- [Your assignment]: From the records that follow, return exactly the lines beginning at the one that contains "Candidates with the" and ending at the one that contains "We can choose", pictures left out.

- [Provided data]:
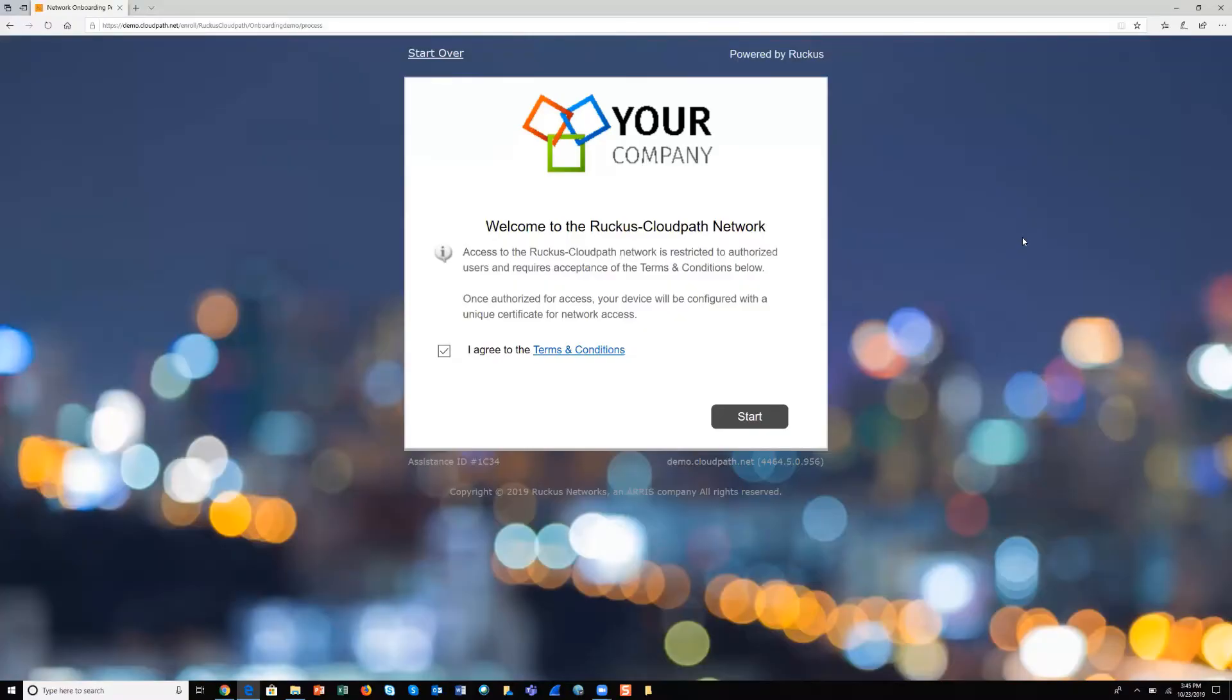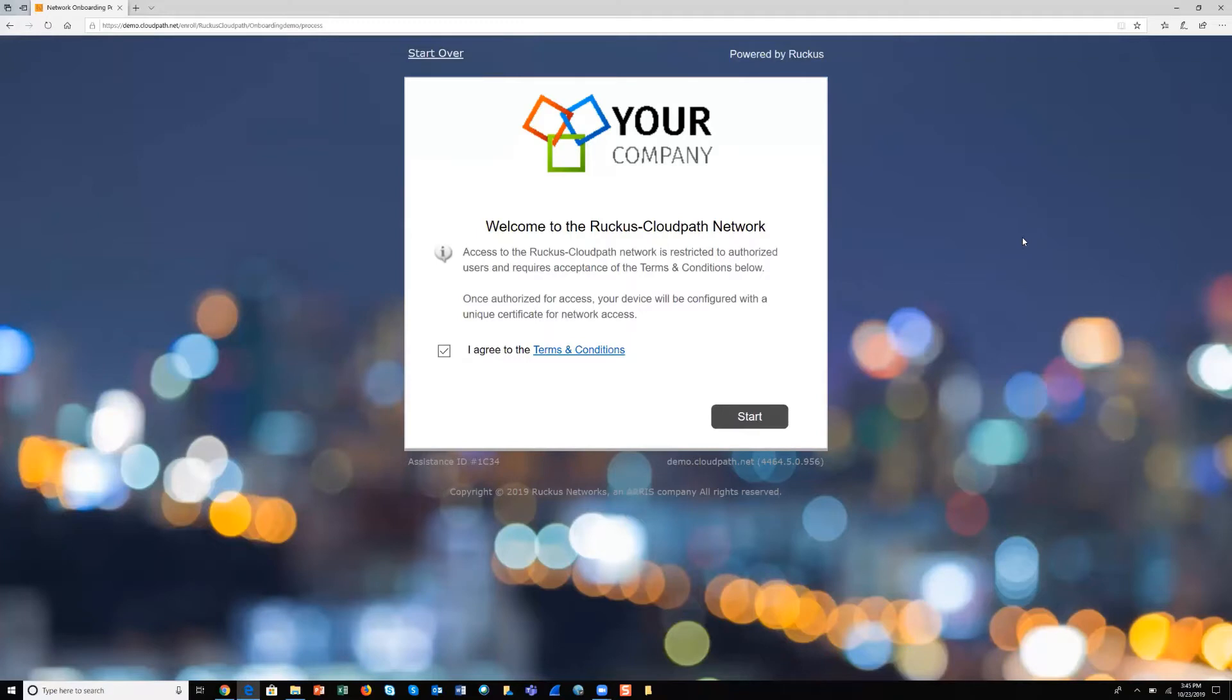This is a demo of a network onboarding process using Ruckus CloudPath Enrollment System from CommScope, our system for secure network access for any user on any device on any network. It's all about getting BYOD and guest users connected to the network quickly, easily, and securely with self-service workflows.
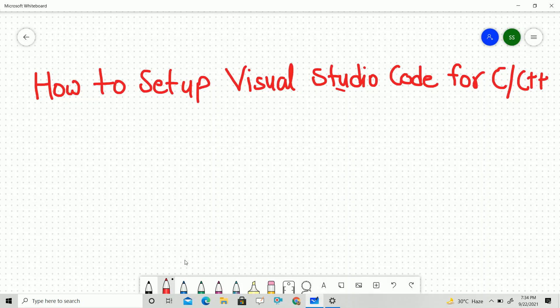Hello everyone. Today I am going to explain how to set up Visual Studio Code for C and C++. So many of you students face some problems during the setup of Visual Studio Code. Just follow as I am doing in my system and at the end of this video your Visual Studio Code setup will be done.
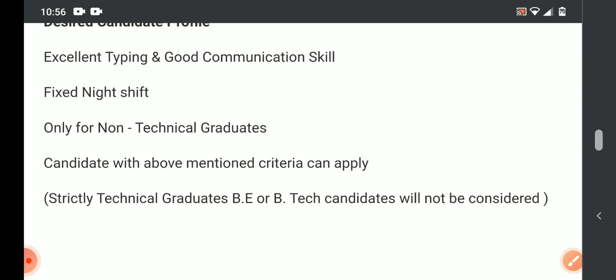Candidates with the above mentioned criteria can apply. And strictly, technical graduates B.E. and B.Tech candidates will not be considered.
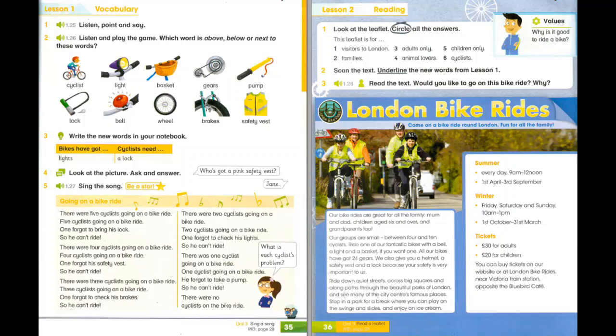There were 5 cyclists going on a bike ride. 5 cyclists going on a bike ride. One forgot to bring his lock, so he can't ride.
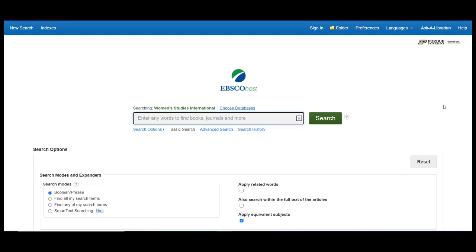First, let's take a look at the main page. If it looks familiar to you, that is because EBSCO databases share the same interface. If you learn to navigate one, you should find using others to be very similar. Also, like many other databases, there are a couple of options for searching: Basic and Advanced.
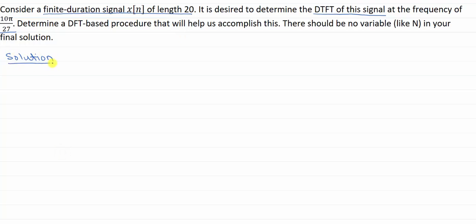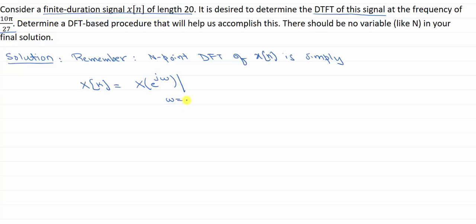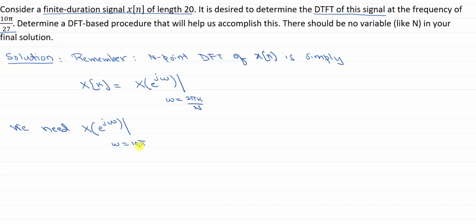The solution is quite simple if you remember the relationship between the DFT of a sequence and its DTFT. An N-point DFT of Xn is simply samples of the DTFT of your signal. So X of k is given by X of e to the j omega, where omega is 2π k over N. So we need X of e to the j omega at omega equal to 10π over 27.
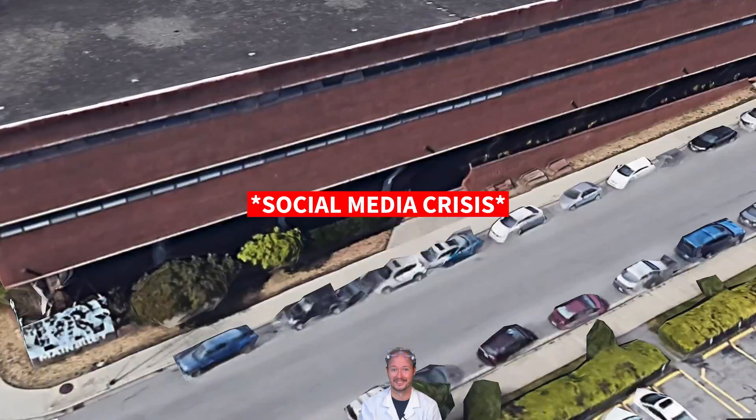I'll go over the best practices I personally use every day at Hootsuite, where I'm the guy who has to know what people are saying, how they're feeling, and how to stop a social media crisis before it starts.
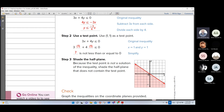We can choose any point from either part. For example, take the point (1, 1) and substitute this value in the inequality. The value of x is 1 and y is 1. Then count: 3 times 1 equals 3, and 4 times 1 equals 4. 3 plus 4 equals 7. Is 7 less than or equal to 0? No — 7 is not less than or equal to 0. That means this point is not in the set of solution. So this part is not the area of the solution. So take the second part and shade it.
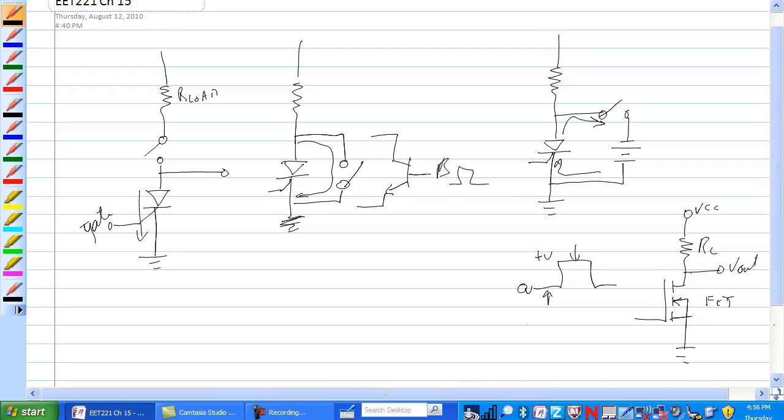So when we are not conducting, the Vout is high and there is no current through the load. And when we are conducting at this point, we have the gate turned on. Then the Vout, this shorts from drain to source, and Vout goes low. And we have current through RL at that point.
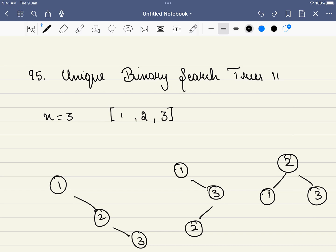Hello friends, welcome to CodeSutra. In this video we'll be solving LeetCode problem number 95: Unique Binary Search Trees 2. This is the second variation of the problem. At the end of the video I have shared a few similar problems which use the same template. Do consider joining our Telegram group — the link is in the description. Without further ado, let's dive into the solution.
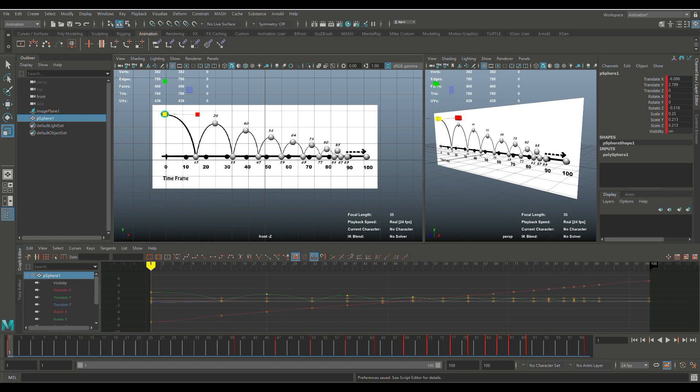The famous bouncing ball animation. First of all, before we get started, if you have experience animating, if you know about keyframing, if you know about this stuff, then skip this video. It's not gonna be for you. For everybody else, stick around.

- [Solution to the problem]:
Candidates with the above mentioned criteria can apply. And strictly, technical graduates B.E. and B.Tech candidates will not be considered.
There were 5 cyclists going on a bike ride. 5 cyclists going on a bike ride. One forgot to bring his lock, so he can't ride.
First, let's take a look at the main page. If it looks familiar to you, that is because EBSCO databases share the same interface. If you learn to navigate one, you should find using others to be very similar. Also, like many other databases, there are a couple of options for searching: Basic and Advanced.
The solution is quite simple if you remember the relationship between the DFT of a sequence and its DTFT. An N-point DFT of Xn is simply samples of the DTFT of your signal. So X of k is given by X of e to the j omega, where omega is 2π k over N. So we need X of e to the j omega at omega equal to 10π over 27.
I'll go over the best practices I personally use every day at Hootsuite, where I'm the guy who has to know what people are saying, how they're feeling, and how to stop a social media crisis before it starts.
We can choose any point from either part. For example, take the point (1, 1) and substitute this value in the inequality. The value of x is 1 and y is 1. Then count: 3 times 1 equals 3, and 4 times 1 equals 4. 3 plus 4 equals 7. Is 7 less than or equal to 0? No — 7 is not less than or equal to 0. That means this point is not in the set of solution. So this part is not the area of the solution. So take the second part and shade it.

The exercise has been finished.